A teoria da ressocialização que temos em conta neste ensaio – nomeadamente a “teoria extremada da ressocialização” – é a que parte da premissa de que basta que o autor do delito – e, portanto do injusto – tenha sido ressocializado para que possa voltar a conviver em sua comunidade política. Afinal, ressocializado, ele não mais representaria, em tese, riscos à sociedade, ao menos no que diz respeito à possibilidade de cometimento de outros crimes. Esta a essência da ideia de ressocialização como função fundamental da pena. Muda-se, assim, o foco do fato para o autor[24]. Essas justificativas dirigem-se para o futuro, podendo-se argumentar que tenham base sociológica ou eficientista. Não constituem, porém, justificativas de ordem moral. Ora, a justiça tem natureza moral.

As críticas a essa teoria, porém, costumam fundamentar-se nas dificuldades dessa avaliação sobre a ressocialização mesma do indivíduo que cometeu o delito[25] – e, por isso, preocupam-se com a consequência, com uma visão prospectiva e não dirigida especificamente ao delito que, obviamente, foi cometido no passado. Uma teoria que não se volta ao injusto cometido e nem a nenhuma forma de restituição do injusto cometido não pode ser contemplada por uma teoria da justiça e, portanto, tampouco pode harmonizar-se com a tradição aristotélico-tomista. As justificativas para a adoção da teoria da ressocialização como única forma de justificar-se a “pena” são prospectivas, visam a uma sociedade futura mais segura. O injusto cometido, porém, não se retribui, não se recompensa, em outras palavras, não se faz justiça comutativa, mediadora entre a perda e o ganho, entre o que um tem demais porque tirou de outro que, como consequência, passou a ter de menos. Ainda que se argumentasse que a ressocialização visaria a uma sociedade futura mais justa, estar-se-ia utilizando o termo “justiça” em seu sentido universal e ao direito – e, aqui, mais especificamente, o direito penal -, entendido como prática restabelecedora da justiça-equilíbrio, importa a justiça particular, pautada na igualdade.

Conclusão

Neste trabalho, o que se pretendeu foi mudar o foco da discussão sobre as teorias da pena, especialmente a da ressocialização. Isso porque entendemos que as justificativas normalmente apresentadas nesse sentido passam à margem do entendimento da justiça como bem do direito. Não se quis, aqui, fazer um elogio da retribuição penal, nem, tampouco, sugerir que ela seja a única forma de justificação da pena.

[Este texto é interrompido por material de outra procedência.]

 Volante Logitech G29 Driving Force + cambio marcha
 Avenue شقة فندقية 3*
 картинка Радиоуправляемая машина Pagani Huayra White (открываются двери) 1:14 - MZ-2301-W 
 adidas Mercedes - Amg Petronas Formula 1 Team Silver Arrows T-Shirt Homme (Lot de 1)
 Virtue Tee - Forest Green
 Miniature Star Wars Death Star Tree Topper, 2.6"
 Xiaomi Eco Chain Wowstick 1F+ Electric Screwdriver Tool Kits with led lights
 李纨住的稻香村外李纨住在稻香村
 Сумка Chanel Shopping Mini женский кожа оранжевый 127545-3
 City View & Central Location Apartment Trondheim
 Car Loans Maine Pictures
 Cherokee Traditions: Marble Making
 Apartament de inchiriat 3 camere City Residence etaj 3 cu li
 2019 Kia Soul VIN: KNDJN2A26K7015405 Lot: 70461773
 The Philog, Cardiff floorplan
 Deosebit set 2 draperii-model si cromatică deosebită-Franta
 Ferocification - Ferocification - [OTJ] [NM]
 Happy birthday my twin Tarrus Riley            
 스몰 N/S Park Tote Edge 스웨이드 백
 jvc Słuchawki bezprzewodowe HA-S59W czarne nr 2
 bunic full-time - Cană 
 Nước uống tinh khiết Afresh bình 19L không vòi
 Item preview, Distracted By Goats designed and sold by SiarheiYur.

A conclusão a que chegamos, porém, é a de que, se se parte de uma teoria da justiça fundada nas concepções aristotélicas, não se pode justificar a pena sem que, nesta justificativa, utilize-se a retribuição. É por isso que entendemos, a partir de nossa análise, que a teoria ressocializadora que visa a afastar qualquer forma de retribuição não se possa coadunar com uma teoria de ordem moral que leve em conta a concepção clássica e formal de justiça.

Das teorias da pena apresentadas, a que se justificaria de acordo com a tradição aristotélico-tomista seria a teoria retributivista, porquanto removeria o excesso de quem obteve o que não lhe era de direito: far-se-ia, portanto, a justiça devida, comutativa (corretiva ou retributiva). A lei, entendida, nesta tradição, como medida, estabelece os critérios de aplicação da pena de acordo com o injusto cometido. Ela, aqui, não é vista como um mecanismo de coerção emanado da vontade da autoridade e por isso válida. Segundo essa tradição, a lei, por definição lógica, é justa, porque ordenadora da comunidade política para o bem comum, porque medida, régua a ordenar a cooperação dos cidadãos. O abandono da ideia de justiça para a própria concepção do direito pode ser observado, em geral, tanto nas justificativas quanto nas críticas à teoria da ressocialização. O debate tem-se pautado em outras “virtudes”, desconsiderando, na maioria das vezes, a relação entre quem comete a injustiça, quem sofre a injustiça e a injustiça em si mesma.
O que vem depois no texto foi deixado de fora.